The Star Tribune’s May 28 editorial “Property rights vs. historic preservation” was disappointing on many levels, not least its framing the controversy between the Twin Cities German Immersion School (TCGIS) and the neighborhood group Save Historic St. Andrew’s as one about “property rights.”
TCGIS is, in fact, a public charter school. Its $8.2 million acquisition and renovation of the former St. Andrew’s Church and school in 2013 was funded through low-interest conduit bonds issued by the city of St. Paul, bonds that are repaid with lease aid from the state of Minnesota that currently sits at $1,314 per student.
With nearly 600 students projected next year, that figure guarantees an annual public subsidy of more than $750,000 — well in excess of their annual lease payments.
In principle, the annual reserve that this excess creates should go to maintaining the 92-year-old building the school purchased with our tax dollars. Instead, that money has been held in reserve while basic upkeep of the beautiful exterior is neglected — apparently so the school’s officials could treat normal wear and tear as evidence of the historic church “falling down.” These are gross exaggerations that TCGIS has repeated during public meetings and in hearings before the St. Paul City Council.

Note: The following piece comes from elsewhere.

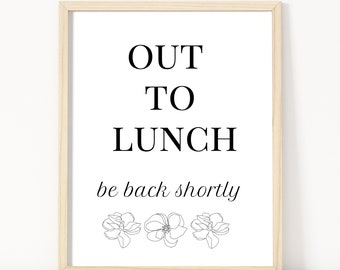Out to Lunch Desk Sign on Break Sign Printable Office Sign - Etsy Norway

Such behavior seems far more reminiscent of how one might expect a predatory developer to behave, given the disdain the school has shown for any kind of public process in the lead up to its March 2018 decision to demolish the church.
That the Editorial Board would simply parrot the school’s argument that demolition should be allowed because the writer claims St. Andrew’s “is not the only church of its kind in St. Paul and the region” is beyond baffling.
Should we tear down a Frank Lloyd Wright house because other examples can be found in a community?
St. Andrew’s church is not some garden-variety structure. It was designed by Charles Hausler, St. Paul’s first municipal architect, also the architect for the St. Anthony Park Library, Riverview Library, Arlington Hills Library, the Minnesota Building, and the Minnesota Milk Company Building. Several of his creations are listed on the National Register of Historic Places. (St. Andrew’s could be the next.)
Equally important, the church was constructed in 1927 by local craftsmen and immigrant members of the church. Hardworking Hungarian, German and Italian families literally built the Romanesque Revival-style building by hand, one stone at a time, contributing their precious earnings to the endeavor.
Should all that history be obliterated because a school won’t consider any alternatives?
If the Editorial Board had done its homework, it would have discovered that TCGIS wants to tear down a building of great historic and cultural significance because it is unwilling to cap its enrollment at 550 students, the number that school leaders projected for the Como area site back in 2013.
Does it make sense that an additional $5.1 million of taxpayer money should be spent to do so?
If TCGIS were a traditional public school, that kind of question would have been addressed by a publicly-elected school board — after many neighborhood meetings seeking community input — before any decision about demolition or expansion was even considered.
But no such accountability exists with TCGIS because, as a charter school, its school board is not elected by the public. Instead, it answers to the families of the school’s children, over half of whom commute to the school from outside of St. Paul.
Interestingly, we can find no evidence of another charter school tearing down a historic building to expand its campus. Academia Cesar Chavez, also a St. Paul-based charter, converted the former Blessed Sacrament Church into a beautiful new library — just one of 13 metro-area churches that have been re-purposed rather than demolished.
Unfortunately, TCGIS’ board has refused to consider alternatives that could turn the church into a far-more usable educational space than it currently provides — and for less cost than a new building. School officials also dismissed out-of-hand a demonstration video shown at the May 15 City Council hearing that offered incredible possibilities for converting the former sanctuary into a performance venue, classrooms and offices.
Doing so would require the school to locate a new gymnasium and cafeteria in a scaled down building nearby — perhaps above the parking lot next door — but this is a solvable problem, one all the more achievable because former dean of the University of Minnesota School of Architecture, Tom Fisher, has offered the services of the Minnesota Design Center on a pro bono basis.
Save Historic St. Andrew’s is committed to a win-win strategy that re-purposes the former church to meet the school’s educational needs while preserving a beautiful and iconic building that has stood in the neighborhood for nearly 100 years.
It’s a shame the Editorial Board doesn’t share a similar view and would endorse consigning this treasure to a landfill.
Teri Alberico, Bonnie Youngquist and Muriel Gubasta are officers of Save Historic St. Andrew’s: www.savehistoricsaintandrews.org.